• Instructions to follow
In the material below, find the line containing "Seriatopora hystrix image" and the line containing "Campo en Lavalleja — imagen 6". Output those two lines and all lines between them exactly, without pictures.

• Entries provided

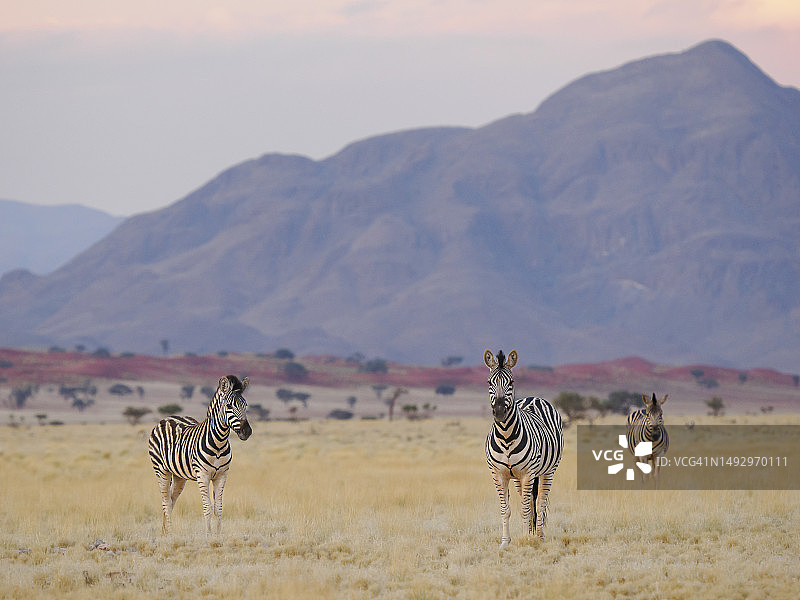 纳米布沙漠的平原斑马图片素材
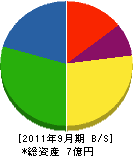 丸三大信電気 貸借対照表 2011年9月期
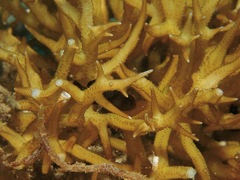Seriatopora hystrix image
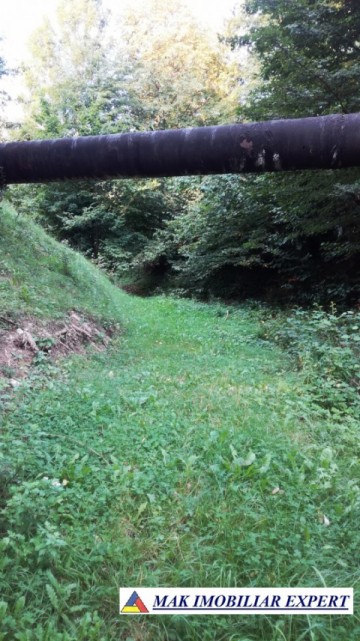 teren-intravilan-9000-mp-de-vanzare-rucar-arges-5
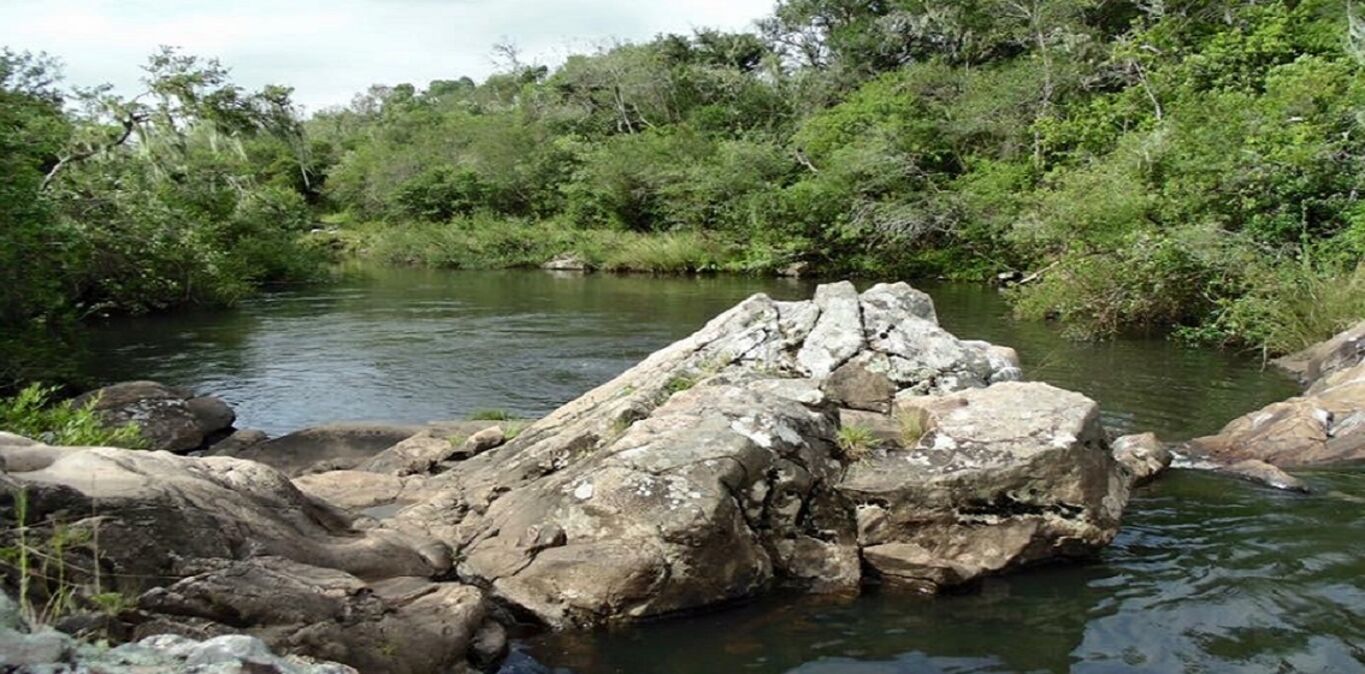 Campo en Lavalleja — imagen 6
==
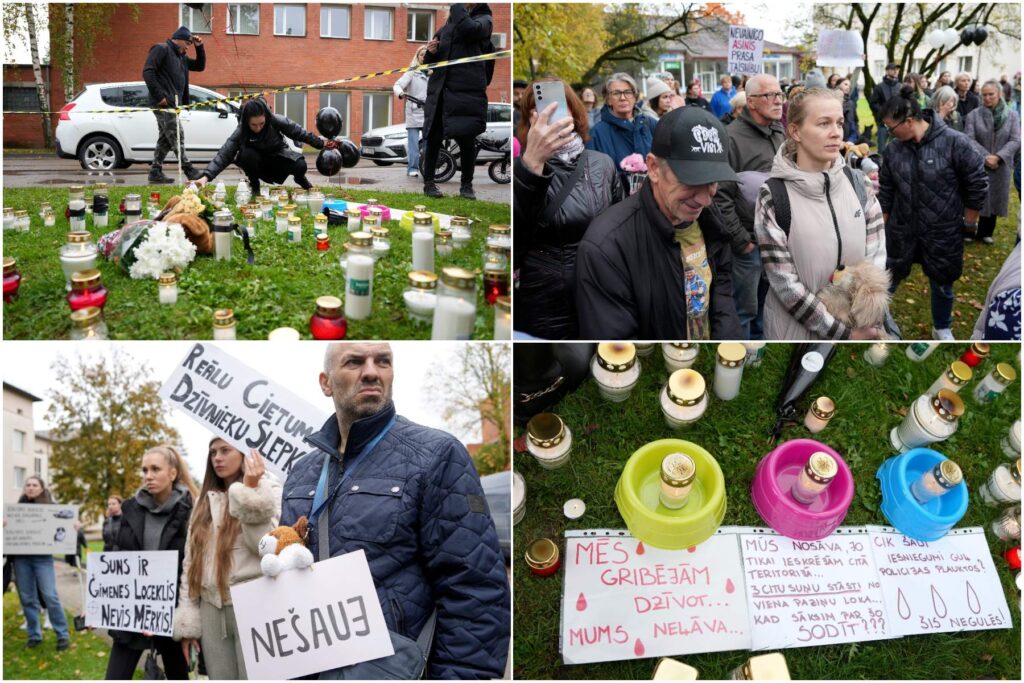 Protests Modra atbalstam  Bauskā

• Exercise answer
Seriatopora hystrix image
 teren-intravilan-9000-mp-de-vanzare-rucar-arges-5
 Campo en Lavalleja — imagen 6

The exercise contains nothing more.